September 13, 2000 - Amsterdam, NY - N 42° 56.906’ W 74° 12.745’
Little Falls proved a very agreeable layover with its 30 amp electricity and free showers. We hiked to grocery and did laundry and I explored while Chris put in a couple days work. Little Falls is tucked away under looming stone and forest hills on each side of the Mohawk. Once a major portage, the first attempt at canal building along the Erie corrider took place here in the 1790s when 5 locks were built around the falls. Today one lock replaces them. It is the highest lift on the canal at 41 feet. The lock's lower gate rises up like a gigantic sluice way door. This lock drops you down quite quickly. You almost feel your are in an elevator with your boat. And you just keep on going-more than 3 stories down into a slime covered chamber. The steel clad walls loom high overhead and dozens of jets of trapped water arch out from them through pin hole leaks. This lock has concrete walls 30 feet thick at the base and the culverts that let water in and out are 9 feet in diameter. Despite the massive volume of water moving around, the descent is very smooth-one big silent flush. Finally at bottom a deep toned boom followed by a drawn out groan that sounds like the world's ending sounds as the 120 ton lift gate rises slowly. As it goes up a 90 ton concrete counterweight descends. You pass under both of them as you exit.

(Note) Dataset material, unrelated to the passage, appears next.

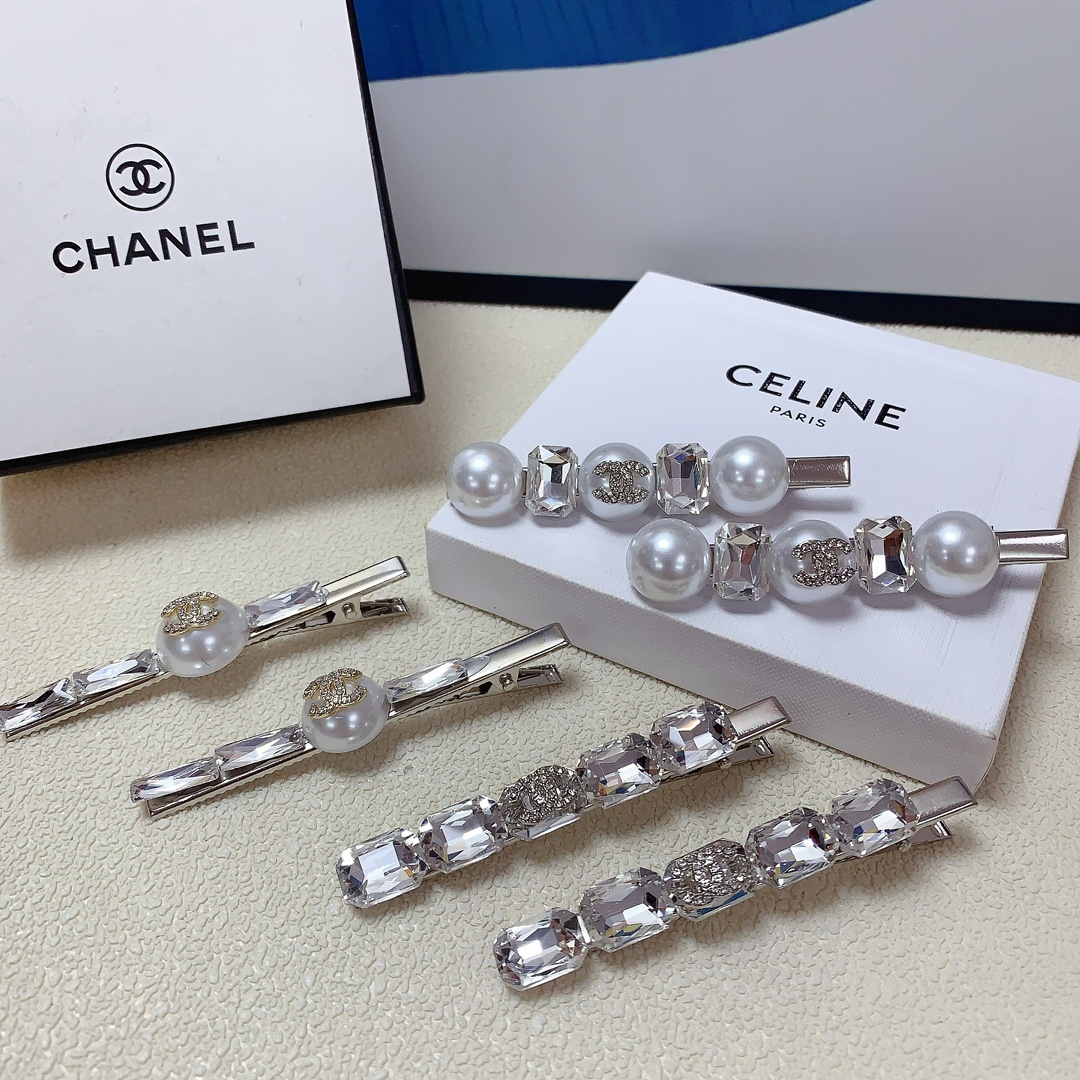NO:278097,Chanel Xiaoxiang Chanel Pressing Clip Pearl Czech Diamond Logo Pressing Clip Edge Clip Bangs Clip Daily exquisite small items, temperament and versatile little fairy must-have items, treasure model, closed eyes recommended (a pair), hairpins, chanel, hairpins19860909chanel小香 chanel压夹 珍珠捷克钻logo压夹边夹刘海夹日常精致小单品 气质百搭小仙女必入单品 宝藏款 闭眼入推荐款（一对）,发夹,chanel,hairpins,accessory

This lock really show cases massive scale American industrial engineering c 1912. After this one, the rest of the locks stepping us down to sea level by 8 to 10 foot intervals were an anti climax. The heavy rains of Tuesday night left us with a notable current perhaps a half knot pushing us along. As we headed east the Adirondack foot hills to the north and the Catskill mountains to the south pressed inward looming over the river and forcing rail, Thru way and canal together. We were so close to the main rail line we could wave to the trains on our left and get a toot back. And to our right semis roared west on the highway a few yards and another world away. We could easily read the road signs-190 miles to New York City, as we chugged along at 6.
The Mohawk is one of the few rivers that breaches the highland barrier that runs form Canada to Georgia and as such has been a major transport corridor for 350 years. Today though unlike the 19th and early 20th century nearly all that traffic is land based. We saw a handful of boats on the canal this weekday and often were the only boat in the lock. We pulled into Amsterdam in late afternoon and settled in at the lock for what looks to be a quiet night. Hopefully we'll push on possibly to sea level waters tomorrow.